##### Stored data #####

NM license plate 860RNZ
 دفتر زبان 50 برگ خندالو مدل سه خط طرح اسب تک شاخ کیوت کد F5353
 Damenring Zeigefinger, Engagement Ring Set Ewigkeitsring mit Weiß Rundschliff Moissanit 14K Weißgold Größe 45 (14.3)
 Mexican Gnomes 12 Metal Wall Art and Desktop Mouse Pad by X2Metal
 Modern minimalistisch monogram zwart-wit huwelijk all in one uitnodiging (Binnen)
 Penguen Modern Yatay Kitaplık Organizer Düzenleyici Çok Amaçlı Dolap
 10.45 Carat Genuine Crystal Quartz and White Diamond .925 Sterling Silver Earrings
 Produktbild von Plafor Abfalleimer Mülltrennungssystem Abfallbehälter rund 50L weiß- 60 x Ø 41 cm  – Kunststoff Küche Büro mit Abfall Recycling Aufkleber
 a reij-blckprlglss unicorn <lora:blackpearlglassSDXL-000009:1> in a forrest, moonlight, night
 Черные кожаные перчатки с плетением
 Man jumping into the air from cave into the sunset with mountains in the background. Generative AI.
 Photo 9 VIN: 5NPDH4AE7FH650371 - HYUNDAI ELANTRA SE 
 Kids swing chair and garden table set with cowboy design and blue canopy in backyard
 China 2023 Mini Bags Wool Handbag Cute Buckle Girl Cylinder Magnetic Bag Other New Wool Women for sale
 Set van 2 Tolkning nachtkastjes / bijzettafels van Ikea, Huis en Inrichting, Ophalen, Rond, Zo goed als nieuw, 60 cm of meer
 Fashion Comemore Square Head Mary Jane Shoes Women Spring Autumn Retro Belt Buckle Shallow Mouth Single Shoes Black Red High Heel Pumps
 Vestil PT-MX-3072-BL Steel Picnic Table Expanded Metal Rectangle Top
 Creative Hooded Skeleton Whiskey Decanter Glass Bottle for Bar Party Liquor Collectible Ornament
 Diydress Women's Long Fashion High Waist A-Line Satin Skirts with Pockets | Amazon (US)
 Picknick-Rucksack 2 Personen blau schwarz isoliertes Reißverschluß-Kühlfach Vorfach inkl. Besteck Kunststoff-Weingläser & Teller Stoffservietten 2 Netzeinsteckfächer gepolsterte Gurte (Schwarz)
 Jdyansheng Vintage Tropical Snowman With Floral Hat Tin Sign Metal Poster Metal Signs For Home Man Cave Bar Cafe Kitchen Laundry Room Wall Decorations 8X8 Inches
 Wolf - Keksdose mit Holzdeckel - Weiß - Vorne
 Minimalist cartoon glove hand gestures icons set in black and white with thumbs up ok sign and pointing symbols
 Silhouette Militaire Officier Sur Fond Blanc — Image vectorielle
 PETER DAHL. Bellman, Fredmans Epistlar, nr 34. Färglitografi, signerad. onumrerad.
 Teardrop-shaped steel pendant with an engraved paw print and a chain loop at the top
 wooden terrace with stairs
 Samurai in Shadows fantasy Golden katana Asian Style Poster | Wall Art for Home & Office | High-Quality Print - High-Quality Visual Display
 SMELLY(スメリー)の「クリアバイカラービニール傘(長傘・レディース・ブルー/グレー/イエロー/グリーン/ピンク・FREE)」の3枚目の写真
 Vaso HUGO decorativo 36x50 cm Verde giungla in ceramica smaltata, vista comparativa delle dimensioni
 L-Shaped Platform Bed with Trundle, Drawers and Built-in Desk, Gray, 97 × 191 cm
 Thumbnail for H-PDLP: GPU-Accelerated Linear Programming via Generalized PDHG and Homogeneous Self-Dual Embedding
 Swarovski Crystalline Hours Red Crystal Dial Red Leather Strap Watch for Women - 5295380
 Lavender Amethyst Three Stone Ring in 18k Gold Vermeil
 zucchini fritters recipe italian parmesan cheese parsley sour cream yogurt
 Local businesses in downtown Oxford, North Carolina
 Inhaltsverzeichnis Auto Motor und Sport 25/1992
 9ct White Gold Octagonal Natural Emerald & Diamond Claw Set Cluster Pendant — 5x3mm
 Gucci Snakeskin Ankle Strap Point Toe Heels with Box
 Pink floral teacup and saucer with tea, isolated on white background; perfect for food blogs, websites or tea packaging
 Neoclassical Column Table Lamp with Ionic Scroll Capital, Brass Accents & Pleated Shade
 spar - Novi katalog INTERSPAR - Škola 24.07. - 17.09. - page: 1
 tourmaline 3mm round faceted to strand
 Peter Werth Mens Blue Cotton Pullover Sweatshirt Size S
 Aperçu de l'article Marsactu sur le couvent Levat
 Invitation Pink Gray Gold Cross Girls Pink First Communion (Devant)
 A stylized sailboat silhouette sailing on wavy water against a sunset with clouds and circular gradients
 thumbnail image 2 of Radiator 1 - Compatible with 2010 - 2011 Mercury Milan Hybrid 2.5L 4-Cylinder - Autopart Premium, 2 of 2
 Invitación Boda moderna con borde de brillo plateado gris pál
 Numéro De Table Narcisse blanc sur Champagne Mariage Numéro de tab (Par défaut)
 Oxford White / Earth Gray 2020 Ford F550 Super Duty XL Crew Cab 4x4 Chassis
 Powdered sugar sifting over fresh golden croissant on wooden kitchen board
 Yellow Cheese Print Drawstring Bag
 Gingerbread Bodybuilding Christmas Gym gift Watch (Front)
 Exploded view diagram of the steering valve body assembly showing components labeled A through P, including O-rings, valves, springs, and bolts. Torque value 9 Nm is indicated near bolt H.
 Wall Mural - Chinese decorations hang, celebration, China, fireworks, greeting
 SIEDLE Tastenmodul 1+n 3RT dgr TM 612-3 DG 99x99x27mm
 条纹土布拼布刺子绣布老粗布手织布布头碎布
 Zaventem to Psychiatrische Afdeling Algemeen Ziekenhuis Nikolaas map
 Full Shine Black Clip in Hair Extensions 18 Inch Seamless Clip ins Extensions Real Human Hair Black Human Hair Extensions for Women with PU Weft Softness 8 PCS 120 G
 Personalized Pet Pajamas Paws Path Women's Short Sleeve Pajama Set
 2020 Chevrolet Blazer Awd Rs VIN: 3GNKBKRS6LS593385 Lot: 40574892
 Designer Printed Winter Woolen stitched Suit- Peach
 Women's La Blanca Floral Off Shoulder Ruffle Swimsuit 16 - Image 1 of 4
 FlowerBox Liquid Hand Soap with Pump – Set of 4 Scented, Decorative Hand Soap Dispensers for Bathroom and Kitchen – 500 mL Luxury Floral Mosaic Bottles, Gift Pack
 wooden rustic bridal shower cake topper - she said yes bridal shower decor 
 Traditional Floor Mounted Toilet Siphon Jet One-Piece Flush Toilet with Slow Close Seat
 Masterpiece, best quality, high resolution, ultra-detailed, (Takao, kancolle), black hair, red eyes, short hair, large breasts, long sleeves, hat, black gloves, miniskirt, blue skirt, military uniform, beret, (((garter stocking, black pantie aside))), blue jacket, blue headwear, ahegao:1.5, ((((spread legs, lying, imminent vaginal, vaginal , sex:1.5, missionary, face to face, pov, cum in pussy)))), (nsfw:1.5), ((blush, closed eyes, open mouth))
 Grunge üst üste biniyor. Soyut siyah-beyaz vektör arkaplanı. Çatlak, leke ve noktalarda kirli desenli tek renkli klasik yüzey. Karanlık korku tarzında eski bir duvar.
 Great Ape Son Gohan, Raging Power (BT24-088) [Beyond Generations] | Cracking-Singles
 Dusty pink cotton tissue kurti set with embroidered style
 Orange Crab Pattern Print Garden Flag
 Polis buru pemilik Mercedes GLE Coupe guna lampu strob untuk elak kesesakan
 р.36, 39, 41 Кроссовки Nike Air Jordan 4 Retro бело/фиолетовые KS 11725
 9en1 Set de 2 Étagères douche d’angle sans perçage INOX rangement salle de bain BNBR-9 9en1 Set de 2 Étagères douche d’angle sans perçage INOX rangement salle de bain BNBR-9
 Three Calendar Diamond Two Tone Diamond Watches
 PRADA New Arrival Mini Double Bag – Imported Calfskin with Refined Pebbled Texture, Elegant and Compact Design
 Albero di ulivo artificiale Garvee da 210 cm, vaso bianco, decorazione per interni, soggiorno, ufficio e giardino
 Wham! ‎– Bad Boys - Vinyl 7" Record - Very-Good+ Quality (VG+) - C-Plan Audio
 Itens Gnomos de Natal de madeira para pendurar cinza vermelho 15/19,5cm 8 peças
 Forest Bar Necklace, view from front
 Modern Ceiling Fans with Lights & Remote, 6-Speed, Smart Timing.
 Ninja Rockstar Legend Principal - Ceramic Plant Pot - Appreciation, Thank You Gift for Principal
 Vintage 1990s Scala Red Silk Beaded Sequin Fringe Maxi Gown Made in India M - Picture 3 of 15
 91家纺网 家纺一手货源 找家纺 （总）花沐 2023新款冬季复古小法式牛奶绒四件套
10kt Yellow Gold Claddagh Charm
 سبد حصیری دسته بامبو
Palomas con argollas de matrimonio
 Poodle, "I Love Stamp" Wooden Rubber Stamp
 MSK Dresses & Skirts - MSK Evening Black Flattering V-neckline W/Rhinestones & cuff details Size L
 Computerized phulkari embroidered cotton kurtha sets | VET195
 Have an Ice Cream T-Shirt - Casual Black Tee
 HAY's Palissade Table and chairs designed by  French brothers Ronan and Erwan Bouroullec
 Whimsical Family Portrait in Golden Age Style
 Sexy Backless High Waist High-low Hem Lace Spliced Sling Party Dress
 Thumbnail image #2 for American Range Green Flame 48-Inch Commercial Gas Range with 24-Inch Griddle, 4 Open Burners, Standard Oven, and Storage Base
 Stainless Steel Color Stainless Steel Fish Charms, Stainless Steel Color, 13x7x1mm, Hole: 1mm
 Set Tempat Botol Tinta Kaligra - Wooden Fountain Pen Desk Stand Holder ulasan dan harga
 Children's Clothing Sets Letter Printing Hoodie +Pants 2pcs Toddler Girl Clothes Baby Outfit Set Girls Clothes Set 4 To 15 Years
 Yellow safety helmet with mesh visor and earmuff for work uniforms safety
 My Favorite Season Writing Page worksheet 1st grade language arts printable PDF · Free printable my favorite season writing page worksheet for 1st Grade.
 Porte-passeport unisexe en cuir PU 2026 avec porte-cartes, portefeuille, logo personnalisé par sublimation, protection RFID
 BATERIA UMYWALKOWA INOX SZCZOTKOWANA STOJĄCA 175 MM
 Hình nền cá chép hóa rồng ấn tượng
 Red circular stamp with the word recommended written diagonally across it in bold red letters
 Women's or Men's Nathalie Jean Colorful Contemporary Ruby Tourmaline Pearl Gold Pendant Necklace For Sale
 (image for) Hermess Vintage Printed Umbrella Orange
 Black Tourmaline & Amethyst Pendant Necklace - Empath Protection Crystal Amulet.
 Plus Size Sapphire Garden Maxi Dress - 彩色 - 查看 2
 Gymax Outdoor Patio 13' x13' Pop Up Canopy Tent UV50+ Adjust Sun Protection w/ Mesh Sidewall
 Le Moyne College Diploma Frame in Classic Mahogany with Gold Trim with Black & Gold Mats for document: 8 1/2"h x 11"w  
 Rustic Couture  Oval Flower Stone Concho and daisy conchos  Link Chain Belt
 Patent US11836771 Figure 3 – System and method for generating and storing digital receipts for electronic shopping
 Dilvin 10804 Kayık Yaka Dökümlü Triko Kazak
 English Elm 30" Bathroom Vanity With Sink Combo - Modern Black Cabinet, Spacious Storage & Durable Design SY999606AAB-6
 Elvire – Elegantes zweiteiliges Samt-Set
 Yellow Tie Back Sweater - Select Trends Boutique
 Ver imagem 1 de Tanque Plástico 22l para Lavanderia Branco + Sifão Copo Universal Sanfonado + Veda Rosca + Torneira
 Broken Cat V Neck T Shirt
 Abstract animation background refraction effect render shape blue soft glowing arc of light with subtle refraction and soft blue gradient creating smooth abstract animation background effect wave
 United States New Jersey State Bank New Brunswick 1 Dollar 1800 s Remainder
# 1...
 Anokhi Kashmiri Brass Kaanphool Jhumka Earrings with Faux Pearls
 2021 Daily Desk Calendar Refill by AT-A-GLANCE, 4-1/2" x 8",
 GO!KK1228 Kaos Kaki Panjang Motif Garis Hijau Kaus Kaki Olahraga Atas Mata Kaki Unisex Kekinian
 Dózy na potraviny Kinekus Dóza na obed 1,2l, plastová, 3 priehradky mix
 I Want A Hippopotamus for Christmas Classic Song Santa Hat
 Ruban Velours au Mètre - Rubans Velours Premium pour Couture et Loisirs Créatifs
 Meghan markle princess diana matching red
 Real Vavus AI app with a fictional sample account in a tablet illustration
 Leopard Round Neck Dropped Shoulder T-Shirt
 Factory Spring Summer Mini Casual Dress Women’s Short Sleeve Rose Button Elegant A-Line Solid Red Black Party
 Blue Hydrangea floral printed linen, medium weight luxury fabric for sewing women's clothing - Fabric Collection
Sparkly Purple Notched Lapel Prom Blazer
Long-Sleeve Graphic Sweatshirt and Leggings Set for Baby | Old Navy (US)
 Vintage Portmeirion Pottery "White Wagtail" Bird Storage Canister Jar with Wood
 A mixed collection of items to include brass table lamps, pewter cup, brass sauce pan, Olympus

#####

Task details:
The lines above from the one containing "Le Moyne College" through the one containing "Sparkly Purple Notched Lapel Prom Blazer" are to be set down exactly, and no others.

Solution:
 Le Moyne College Diploma Frame in Classic Mahogany with Gold Trim with Black & Gold Mats for document: 8 1/2"h x 11"w  
 Rustic Couture  Oval Flower Stone Concho and daisy conchos  Link Chain Belt
 Patent US11836771 Figure 3 – System and method for generating and storing digital receipts for electronic shopping
 Dilvin 10804 Kayık Yaka Dökümlü Triko Kazak
 English Elm 30" Bathroom Vanity With Sink Combo - Modern Black Cabinet, Spacious Storage & Durable Design SY999606AAB-6
 Elvire – Elegantes zweiteiliges Samt-Set
 Yellow Tie Back Sweater - Select Trends Boutique
 Ver imagem 1 de Tanque Plástico 22l para Lavanderia Branco + Sifão Copo Universal Sanfonado + Veda Rosca + Torneira
 Broken Cat V Neck T Shirt
 Abstract animation background refraction effect render shape blue soft glowing arc of light with subtle refraction and soft blue gradient creating smooth abstract animation background effect wave
 United States New Jersey State Bank New Brunswick 1 Dollar 1800 s Remainder
# 1...
 Anokhi Kashmiri Brass Kaanphool Jhumka Earrings with Faux Pearls
 2021 Daily Desk Calendar Refill by AT-A-GLANCE, 4-1/2" x 8",
 GO!KK1228 Kaos Kaki Panjang Motif Garis Hijau Kaus Kaki Olahraga Atas Mata Kaki Unisex Kekinian
 Dózy na potraviny Kinekus Dóza na obed 1,2l, plastová, 3 priehradky mix
 I Want A Hippopotamus for Christmas Classic Song Santa Hat
 Ruban Velours au Mètre - Rubans Velours Premium pour Couture et Loisirs Créatifs
 Meghan markle princess diana matching red
 Real Vavus AI app with a fictional sample account in a tablet illustration
 Leopard Round Neck Dropped Shoulder T-Shirt
 Factory Spring Summer Mini Casual Dress Women’s Short Sleeve Rose Button Elegant A-Line Solid Red Black Party
 Blue Hydrangea floral printed linen, medium weight luxury fabric for sewing women's clothing - Fabric Collection
Sparkly Purple Notched Lapel Prom Blazer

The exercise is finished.